Todo lo que damos a Dios es ampliamente recompensado. Este es el mensaje básico de las lecturas de la misa de hoy. La primera lectura habla de una mujer importante de un lugar llamado Sunem que “presionó” al profeta Elías para que se quedara con ella y su marido. Y resultó que “desde entonces, se detenía allí a comer cada vez que pasaba”. La buena mujer, percibiendo la santidad del profeta, persuadió entonces a su marido para que hiciera un pequeño refugio para Elías con “una cama, una mesa, una silla y una lámpara, para que cuando venga pueda retirarse”. Pero esta generosa pareja no tenía hijos. Así que Elías la llamó y le dijo que concebiría un hijo y, efectivamente, lo hizo al año siguiente. No sólo eso, sino que años más tarde, cuando el hijo, ya mayor, tuvo una hemorragia y murió, Elías lo resucitó de entre los muertos.

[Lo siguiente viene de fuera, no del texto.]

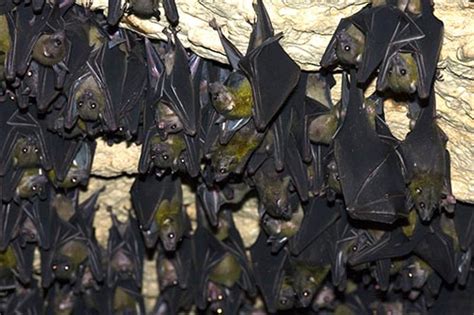 Bats in Religion and Mythology: Insights and Lessons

¡Qué bendición es contribuir con la Iglesia y sus ministros! Aunque éstos nunca deben abusar de esta confianza y generosidad (que es, de hecho, lo que el siervo de Elías, Giezi, hará más tarde en otro episodio -con gran disgusto de Elías e incurriendo en un gran castigo por su pecado-), Dios bendice ricamente la generosidad de quienes dan de sus propios bienes para sostener la misión de la Iglesia.

Cómo se alegró Jesús de aquella mujer que derramó un costoso ungüento sobre su cabeza (ver Mt 26, 13). También vemos a varias mujeres que apoyaban a Jesús y a los discípulos “les servían con sus bienes” (Lc 8, 3).

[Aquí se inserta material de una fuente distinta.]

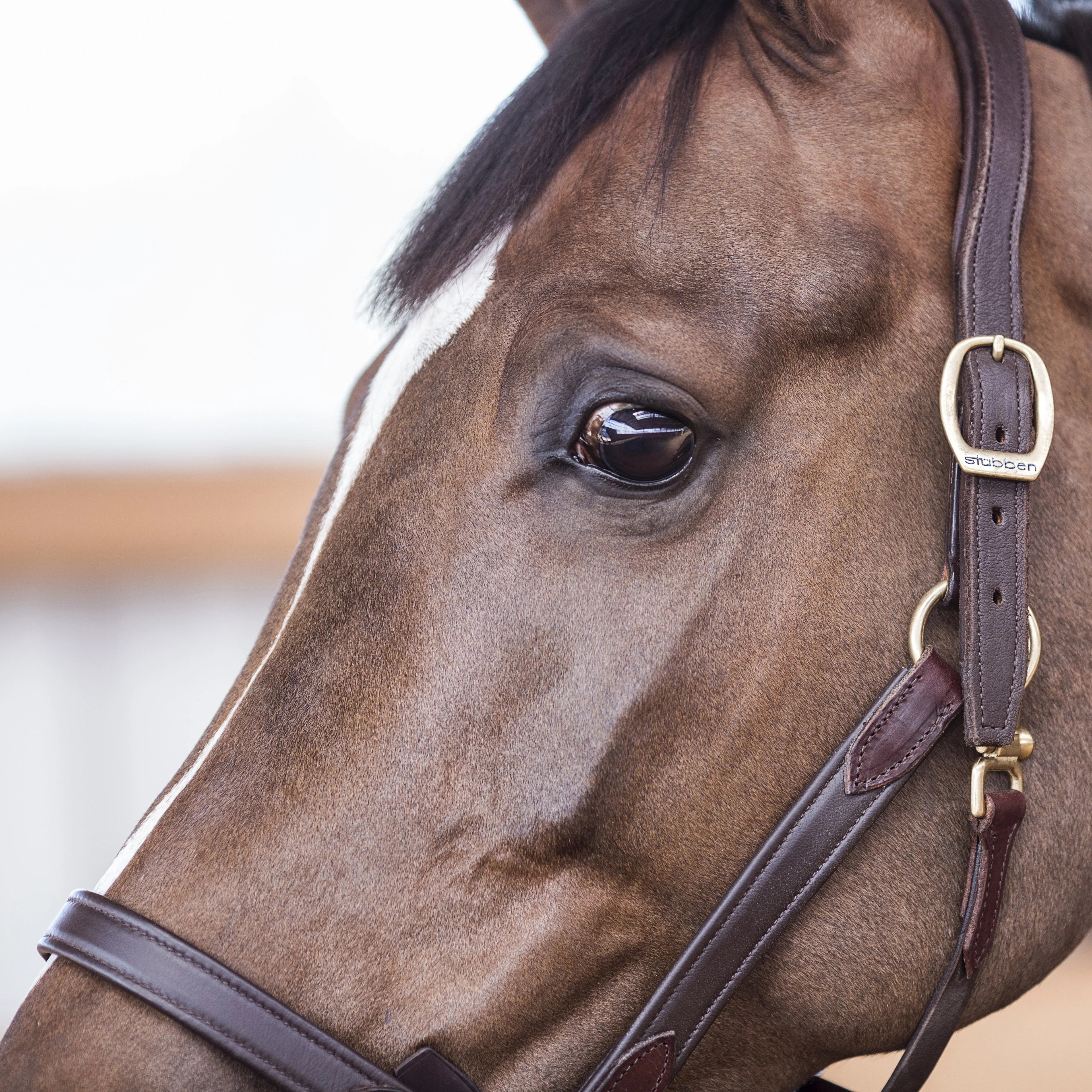 Stable halter NT - Image 6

Y en el evangelio de hoy Jesús no sólo alaba, sino que exige esta generosidad. No sólo hay que darle lo mejor, sino anteponerlo a todo vínculo familiar o personal. “El que ama a su padre o a su madre más que a mí, no es digno de mí; y el que ama a su hijo o a su hija más que a mí, no es digno de mí”. No se trata de una exigencia irrazonable. Como Dios, Jesús tiene derecho a todo lo que tenemos y somos: Él nos lo dio en primer lugar. Pero lo pide por nosotros, no por Él. Sólo si se lo damos todo a Dios seremos felices.

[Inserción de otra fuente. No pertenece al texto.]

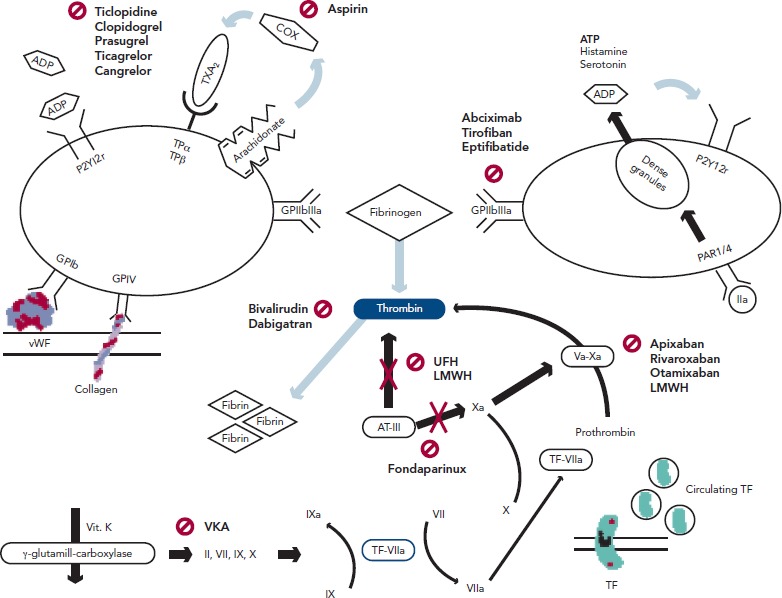 Figure 1:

Es insensato preferir la criatura al Creador. Por eso, el discipulado puede implicar pérdida, tomar nuestra cruz para seguir a Jesús, perder nuestra vida para ganarla. Pero todo lo que demos será recompensado al ciento por uno (ver Mc 10, 30). La mujer de Sunem recibió el don de la vida, un hijo, por cuidar de un profeta. Dios promete la vida eterna a los que le dan. Cada pequeño don es tenido en cuenta y recompensado. Como nos dice Jesús: “El que dé a beber, aunque no sea más que un vaso de agua fresca, a uno de estos pequeños, solo porque es mi discípulo, en verdad os digo que no perderá su recompensa”. Dar a los ministros de Dios y a los pobres de Dios nos hará ganar “tesoros en el cielo” (Mt 6, 20).